A ferramenta será utilizada em conjunto com a Secretaria de Planejamento e Desenvolvimento Urbano e demais secretarias municipais para identificar e organizar informações sobre imóveis desocupados, contribuindo para o monitoramento dessas áreas e para a formulação de políticas públicas de requalificação urbana.
A iniciativa atende a uma diretriz do Plano Diretor de Campinas, que prevê o acompanhamento de imóveis ociosos, especialmente nas regiões centrais e ao longo de vias arteriais e coletoras.
O projeto-piloto começa pelo Centro, considerado o segundo polo de desenvolvimento econômico do Plano Diretor, atrás apenas do Polo de Inovação e Desenvolvimento Sustentável (PIDS) e à frente da região do Aeroporto Internacional de Viracopos.
Para a secretária municipal de Urbanismo, Carolina Baracat, o teste da tecnologia permitirá avaliar novas ferramentas de gestão urbana.
“O Plano Diretor já prevê o monitoramento de imóveis ociosos, especialmente nas áreas centrais. Com o Sandbox, conseguiremos testar um projeto inovador em ambiente real e avaliar como o sistema pode contribuir para o acompanhamento dessas áreas e para futuras políticas de requalificação urbana. Se os resultados forem positivos, poderemos avançar para uma contratação futura, através do processo licitatório”, afirmou.
Segundo o perito avaliador da Allrea, Rogerio Diniz Armond, a iniciativa busca contribuir para o cumprimento da função social da propriedade e apoiar ações de revitalização urbana.
“A Allrea apresenta ao município de Campinas uma iniciativa inovadora voltada ao cumprimento da função social da propriedade, um desafio recorrente nos grandes centros urbanos.
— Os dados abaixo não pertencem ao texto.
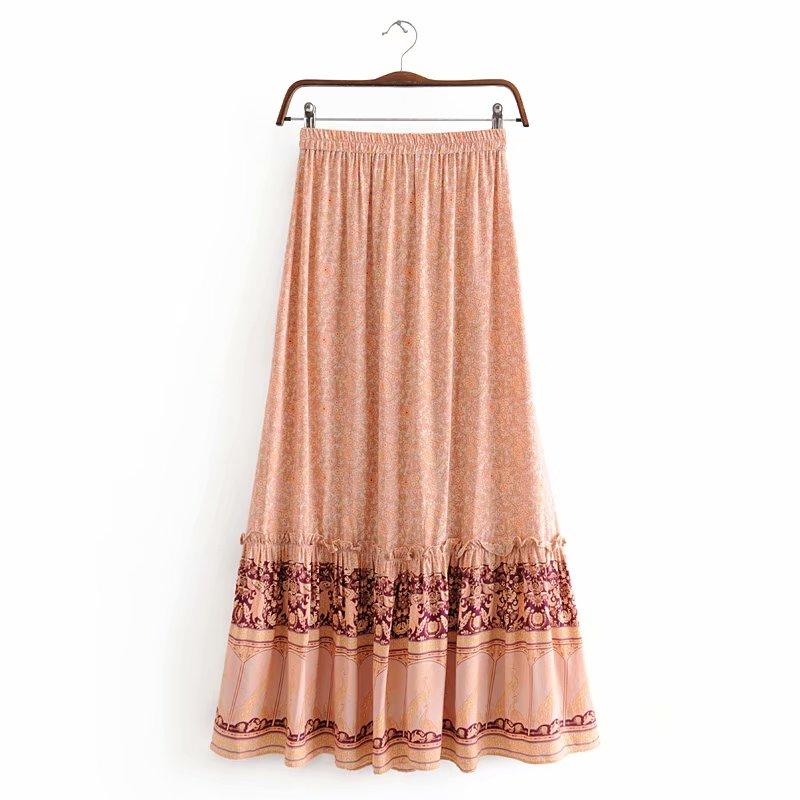 Boho Skirt, Hippie Skirts, Maxi Skirt, Pink Melon Pink Peacock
O objetivo é transformar imóveis ociosos em oportunidades de requalificação urbana, contribuindo para políticas públicas de retrofit e revitalização do centro. Estamos confiantes de que a iniciativa trará impacto positivo ao desenvolvimento urbano de Campinas”, afirmou.
Como funciona o Sandbox
O Sandbox Regulatório permite que soluções inovadoras sejam testadas em ambiente real, antes da eventual implantação, com acompanhamento do poder público e regras regulatórias específicas.
O projeto terá duração inicial de seis meses, podendo chegar a até 24 meses, dependendo da evolução dos testes.
Durante esse período, a Prefeitura avaliará o funcionamento da tecnologia e sua aplicação no monitoramento de imóveis ociosos no município.
Caso os resultados sejam considerados positivos, a solução poderá futuramente ser objeto de processo licitatório para contratação pelo município.